Lee also raised the issue of whether a combined Comcast/TWC could limit access to conservative voices on their outlets.
Comcast's Cohen said that had been one of the most heavily litigated issues around and that the FCC had concluded that having less than 30% of subs, as the combined company would have, did not represent a threat to access to content.
While Cohen asserted there were no anticompetitive problems with the deal given no geographic overlap between the two companies' systems, numerous legislators, mostly Democrats, but not solely, suggested the size of the combined company in video as well as broadband access—the number one and number three ISPs—represented potential incentive and ability to discriminate against online video competition, or to have too much power over programming prices, access to must-have NBCU content, or equipment prices.
Sen.
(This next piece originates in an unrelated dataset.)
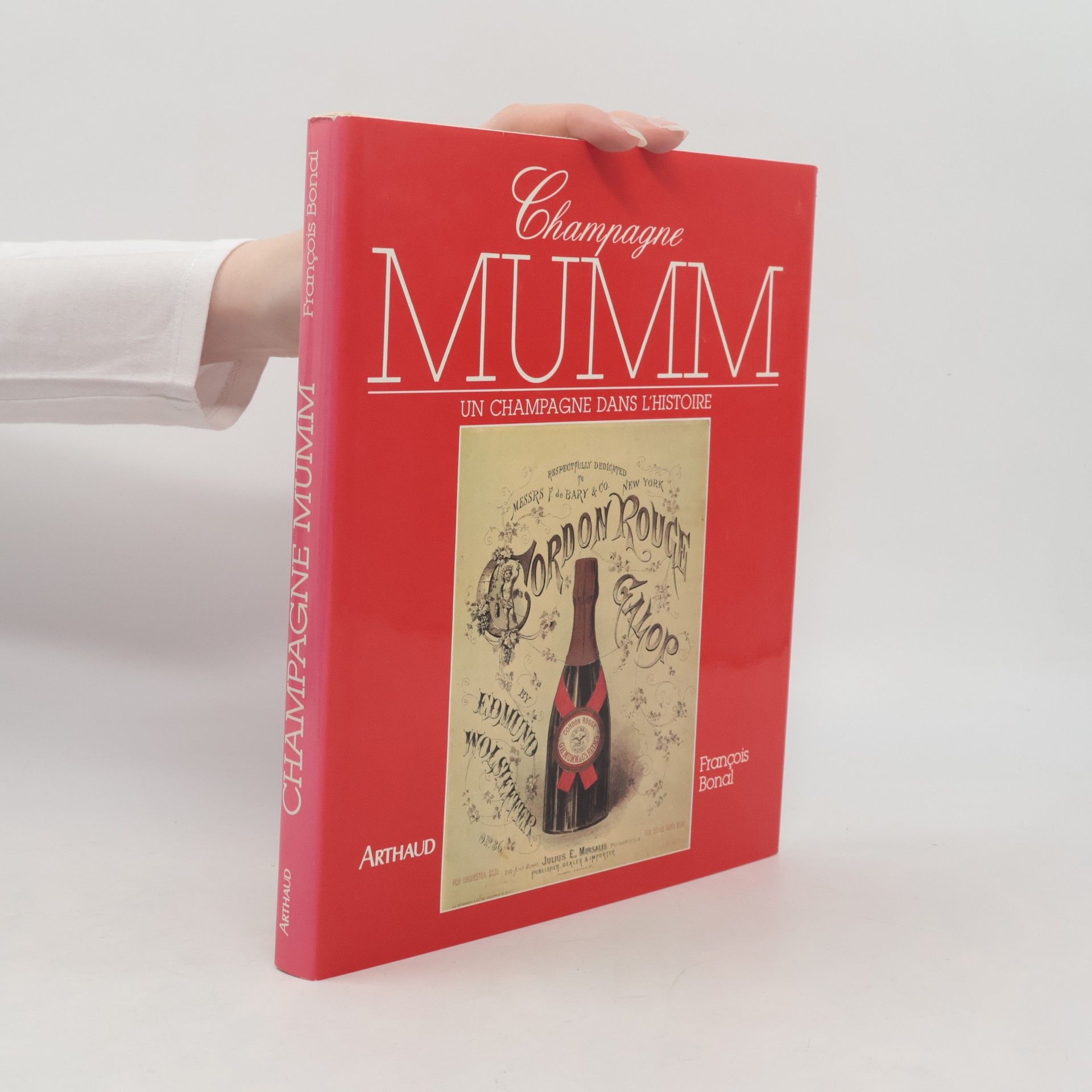 Edmund Wolseley Champagne Mumm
Al Franken (D-Minn.) took Cohen to task about his prepared testimony in which he said of the 150 conditions in the NBCU deal—many of which Comcast is pledging to extend to the TWC deal—the FCC only looked at one of those, and that was resolved. Comcast and the FCC struck a consent decree in which Comcast paid a fine and agreed to better market the availability of stand-alone broadband.
Franken pointed out that the FCC had also "looked" at the neighborhooding condition, and ultimately found that Comcast had not met that condition with regards to Bloomberg TV. Cohen countered that the neighborhooding condition had been about interpretation of a condition, and when the FCC clarified what a neighborhood meant, Comcast complied and remains the top distributor of Bloomberg TV.
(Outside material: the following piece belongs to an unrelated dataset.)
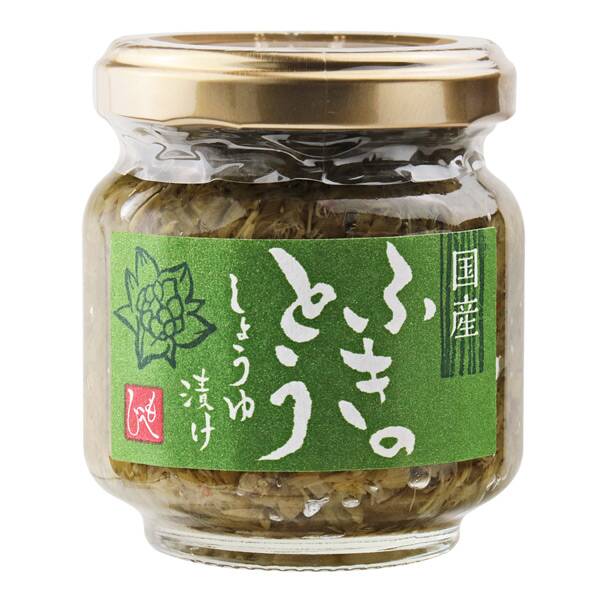 ふきのとうしょうゆ漬け 100g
Franken was not assuaged. The senator made it clear he opposed the deal, saying it would mean higher prices and less choice for his constituents.
Cohen could not promise the deal would lower consumer prices, but said nothing in the deal would raise them, either.
Cohen talked up the benefits, faster speeds, more VOD, a more secure network, and even took the opportunity to announce that Comcast was raising its 50 Mbps high-speed broadband service to 105 Mbps, and its 105 Mbps to 150, all for no extra charge.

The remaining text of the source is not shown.